The Notice contains information pertaining to your property taxes in the following categories: (i) Ad Valorem Taxes; and (ii) Non Ad Valorem Taxes. The first category is what you traditionally think of as your real estate taxes and the second relates to taxes for services such as garbage, fire and lighting.

It also establishes your property values as of the January 1 BEFORE the notice date. In this year, it would be as of January 1, 2016. It will also tell you what other exemptions and benefits you may have. If the exemption or benefit is not on the TRIM notice, then it is the position of your Property Appraiser that it is not available to you or you have not applied for it.

The Market Value is listed on your notice, and is also known as ‘Just Value’. It supposedly reflects what a willing buyer would pay to one willing seller subject to certain additional considerations set forth in State law. For example it should take into account estimated reasonable costs associated with a sale.

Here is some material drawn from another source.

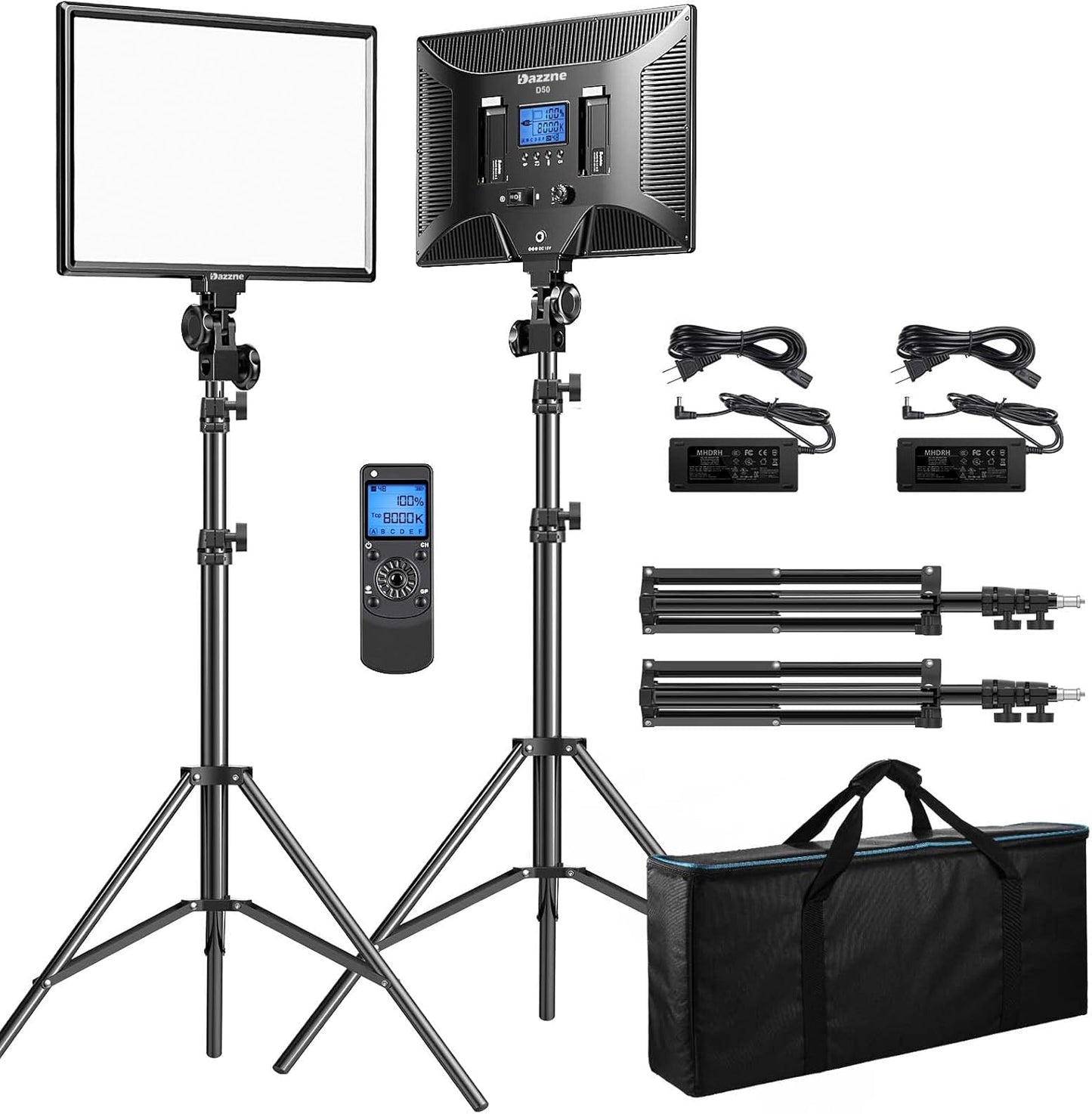 D50 LED Video Light Panel for Professional Photography Needs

Just value is then refined as the ‘Assessed Value.’ Assessed Value is generally the Just Value limited by the ‘Save Our Homes’ (SOH) cap on homesteaded property, the 10% cap on non-homesteaded property or portability limitations. The Assessed Value of homesteaded property cannot increase more than 3% a year subject to certain matters such as a material alteration of the house or a sale of a partial interest. Remember, Market Value can rise; it is just limited by the Assessed Value. There might be other limitations that apply, such as an agricultural exemption. All should be checked by the property owner when the TRIM notice arrives.

If you bought the house during the current year, be careful. This is a snapshot as of January 1 of the year in which you received the notice. Your former owner’s property exemptions are not necessarily yours. You have a limited amount of time to straighten away your own exemptions and to make sure they are documented with the local authorities.

The mailing of the TRIM Notice begins an appeal period. It is typically disclosed in the notices. DO NOT MISS THAT DATE if you disagree with the value in the notice or the exemptions granted. It is extremely difficult to obtain any relief after that date so if you intend on challenging the notice, you must file your appeal timely. This can be done online and we encourage you to do so. Because we must take responsibility, if we file a petition on your behalf, we must charge for your appeal. There is a minimum charge of $350.00 for filing.

Trying to identify a successful appeal before filing a petition is difficult. In a rising market, it is likely that comparable sales will support the Property Appraiser’s estimate. While you might not accept it, evidence that your neighbor’s home is assessed differently than your own is not the competent evidence that a Special Magistrate will accept as persuasive. Comparable sales or an MAI appraisal are about the only evidence that is considered important. Remember, the burden of proof is on you.

We hope this helps you in reviewing your situation. Like all other things “government,” they do not make it easy to interpret their own notices that are meant to serve public with full disclosure.